Every professional artist, at one point or another, has to find a balance between their individual vision and the needs of the client. That fine line is perhaps the sole distinction between a working successful designer and, well, a not-so-successful one. It’s Coben’s variety of vision, flexibility, and pragmatism that has made him a leading figure in the industry, but it’s his sense of immediacy and practicality that sets his work apart from the rest.
I am a storyteller. I love to listen to a client’s vision and deliver on [their wishes]. [At my firm] we have to be able to make a dream become a reality. I guess you can call us cultural anthropologists creating places for activities to occur. We need to assess the mission of each project. Taking a client’s goals and aspirations, and turning it into a place that doesn’t go out of style or become dated.
What kinds of trends are you seeing in hotel design for the future?
We are pushing to bring a residential feel to hotels. While we want guests to feel transported, we also want their experience to feel more intimate.
Lighting adds intimacy because we can control and change the light level at different times of the day/night. Different scaled furniture helps create intimacy, as does creating smaller seating areas. I love when we create a hotel lobby where different seating “sets” allow for different experiences within one room. I love how people can cuddle in a corner, but still get to see the action of others within the space. We create spaces for people to fall in love, to eat, meet, argue and read a book (or tablet). What a thrill, right?
How can the readers get the ’boutique hotel’ feel at home?
Lighting is probably one area where luxury can permeate a space. Not only the fixture itself, but choosing the correct lamps (bulbs) and making sure the color temperature of the lights is correct will add a level of luxury and sensuality to a space.
What specific materials are you drawn to in your designs? A certain type of wood? Marble? Brass or copper?
I’m currently obsessed with American walnut, because of its distinct grain and soft, sensual feel. It reminds me of a soft-focus lens in a movie camera where actresses would look almost blurry!
The metal of the moment is rose gold, but we are using more burnished and oil rubbed bronze. We are also loving using Corten steel as a textural contrast to more modern materials.
If you could pick one city to design in, besides New York, what would it be?
New York, all day long! But I am secretly pining for a project in Paris. I’d love to open a small office there and spend a few months a year in Paris.

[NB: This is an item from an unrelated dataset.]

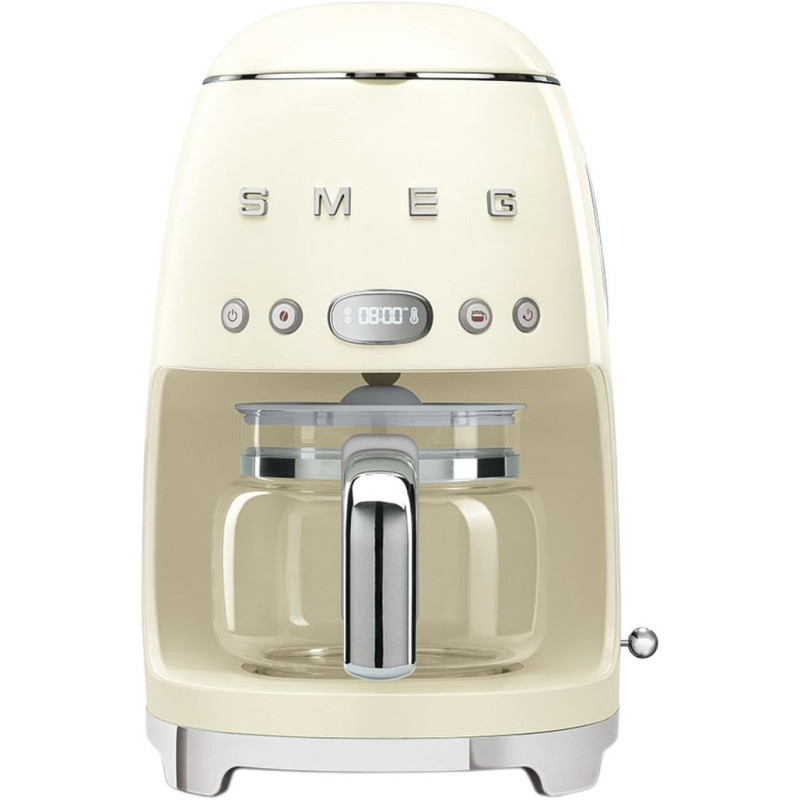 Кавоварка SMEG DCF02CREU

What are the main differences between designing for hotels and residences?
Hotels have an opening date. Residential projects can drag on for a long time. I love what we do and the sandbox we play in, because we get to tell such different stories and the personalities are all so unique and different. That being said, I would love to do a residential project where the client and I share a design sensitivity. It would be fantastic to work on that scale of a project.

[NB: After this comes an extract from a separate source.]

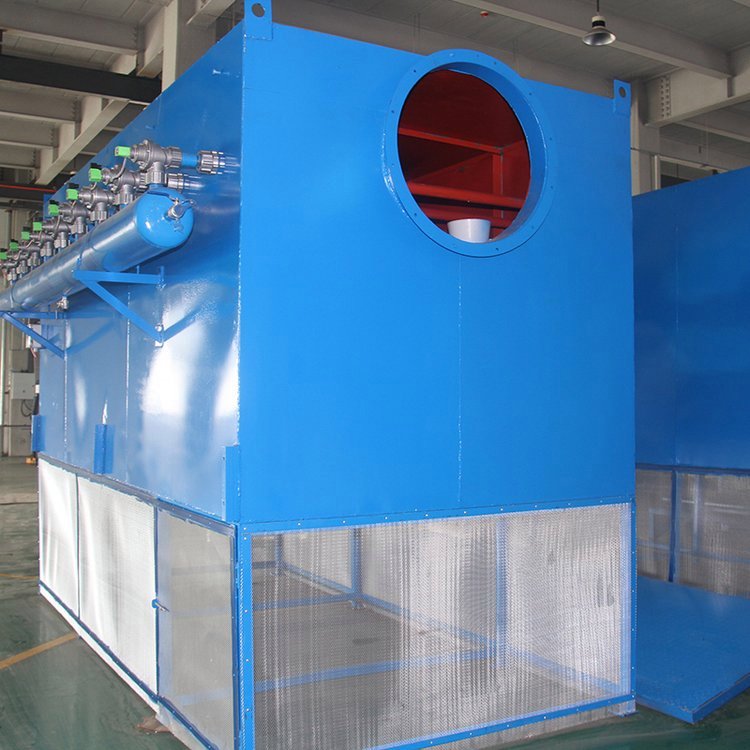 高爐風(fēng)機(jī)自潔式空氣過濾器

I am definitely a lowercase “a” architect. I don’t preach that I am Howard Roarke. I believe architects provide a distinct and important service, but many don’t listen enough. Architecture provides shelter, but it [also] provides a canvas for us to live our lives.
How can our readers recreate your distinctive looks in their home?
My biggest recommendation is to buy one or two distinct, important pieces and work around them. Everything does not need to match. [Have an] eclectic spirit. Trust your gut and go for it!